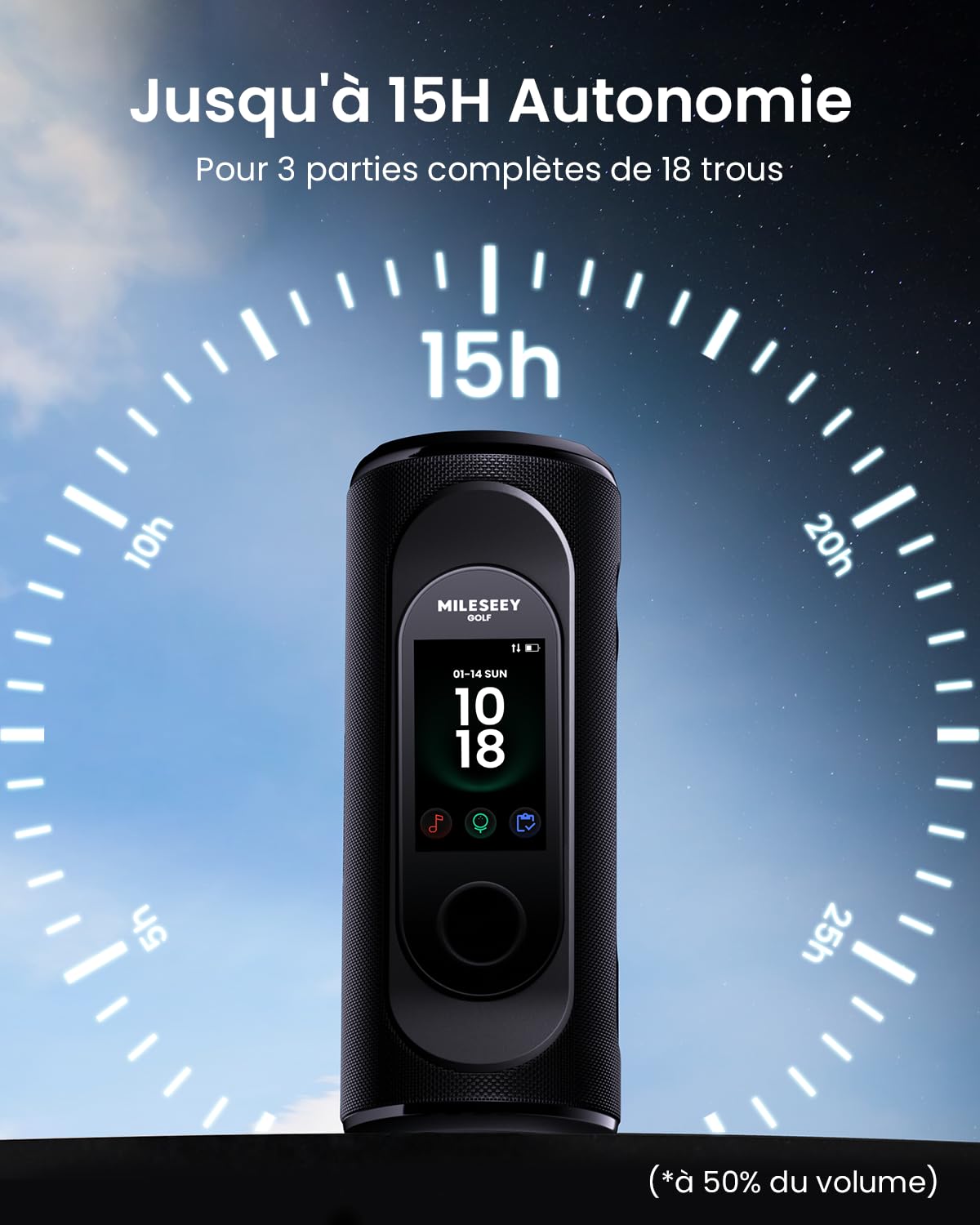 MiLESEEY GeneSonic Pro Haut-Parleur Golf avec GPS Amovible, Écran Tactile 3 Pouces, 43000+ Cours Préchargés, Champ de Vision et Distance Auditive, Batterie 15 Heures, Magnétique, Imperméable à l'eau
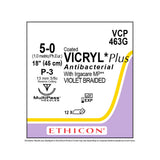 Ethicon COATED VICRYL Plus Antibacterial Suture, Size: 5-0, Needle: P-3, VIOLET, 12/bx. MPN: VCP463G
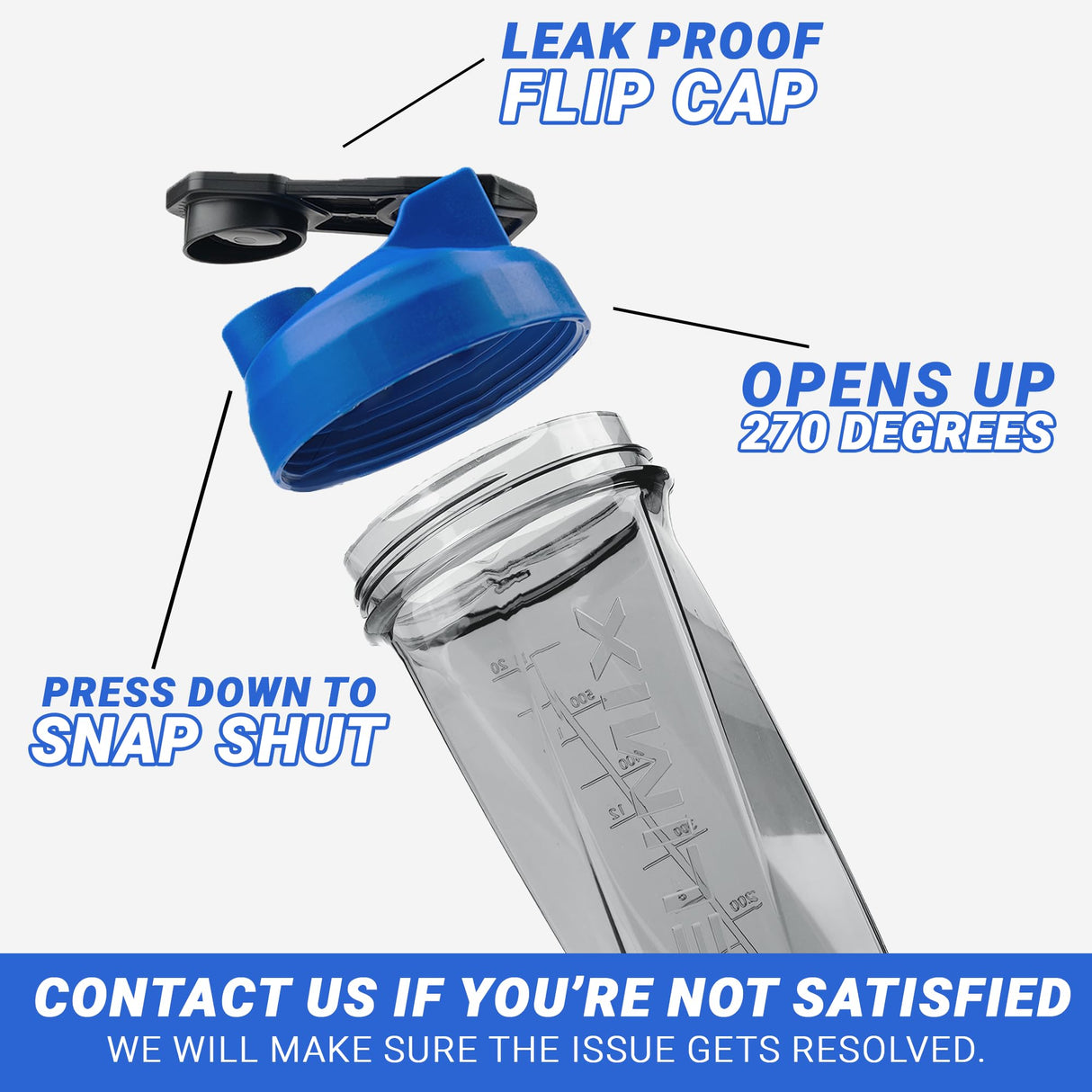 HELIMIX 2.0 Vortex Blender Shaker Bottle Holds upto 28oz | No Blending Ball or Whisk | USA Made | Portable Pre Workout Whey Protein Drink Shaker Cup | Mixes Cocktails Smoothies Shakes | Top Rack Safe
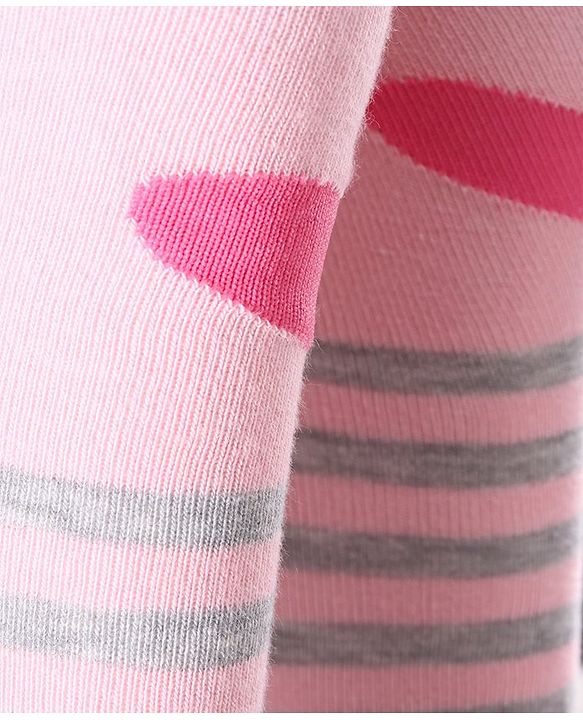 Cute Walk by Babyhug Anti-bacterial Footed Tights Heart Design - Pink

● ● ● ●

(What you need to do) Up to and including the line with "Ethicon COATED VICRYL", copy the data above from its first line. Skip pictures.

(Exercise result)
 MiLESEEY GeneSonic Pro Haut-Parleur Golf avec GPS Amovible, Écran Tactile 3 Pouces, 43000+ Cours Préchargés, Champ de Vision et Distance Auditive, Batterie 15 Heures, Magnétique, Imperméable à l'eau
 Ethicon COATED VICRYL Plus Antibacterial Suture, Size: 5-0, Needle: P-3, VIOLET, 12/bx. MPN: VCP463G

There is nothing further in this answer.